- Recorded information
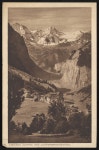 Wengen (1276 m.) und Lauterbrunnental | Library of Congress Wengen (1276 m.) und Lauterbrunnental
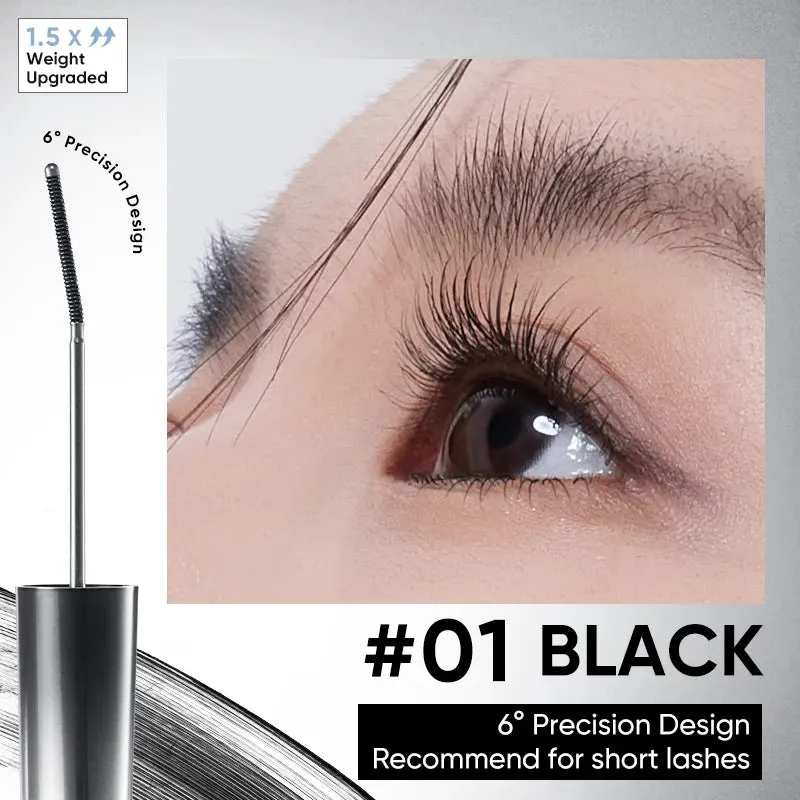 Brand New - Iron Mascara 6°Curling Design #02 Brown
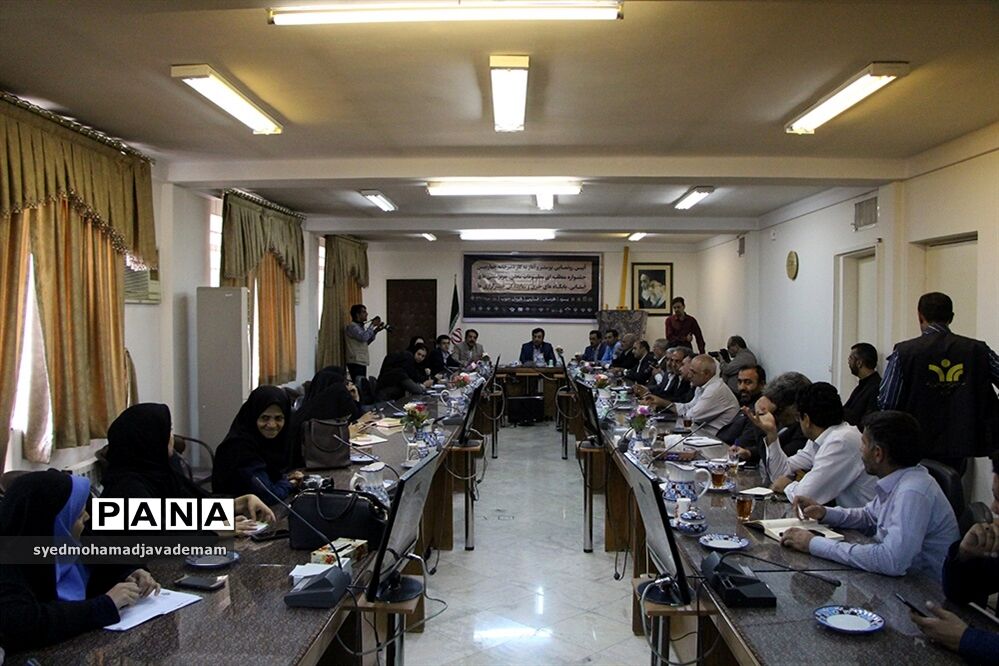 آیین رونمایی از پوستر چهارمین جشنواره پایگاه‌های خبری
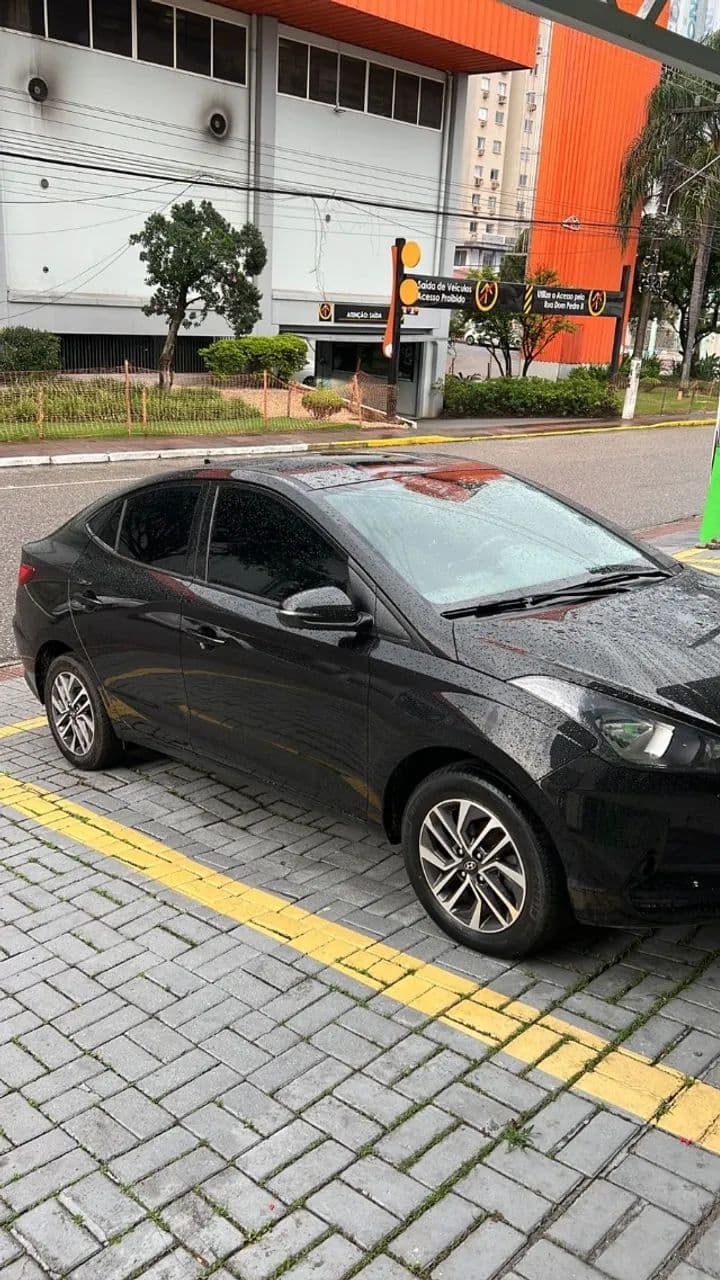 Hyundai HB20S Evolution 1.0 TB Flex 12V AUT 2021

- Problem details
A faithful copy of all the data above is required, printed exactly and with no pictures.

- Task output
 Wengen (1276 m.) und Lauterbrunnental | Library of Congress Wengen (1276 m.) und Lauterbrunnental
 Brand New - Iron Mascara 6°Curling Design #02 Brown
 آیین رونمایی از پوستر چهارمین جشنواره پایگاه‌های خبری
 Hyundai HB20S Evolution 1.0 TB Flex 12V AUT 2021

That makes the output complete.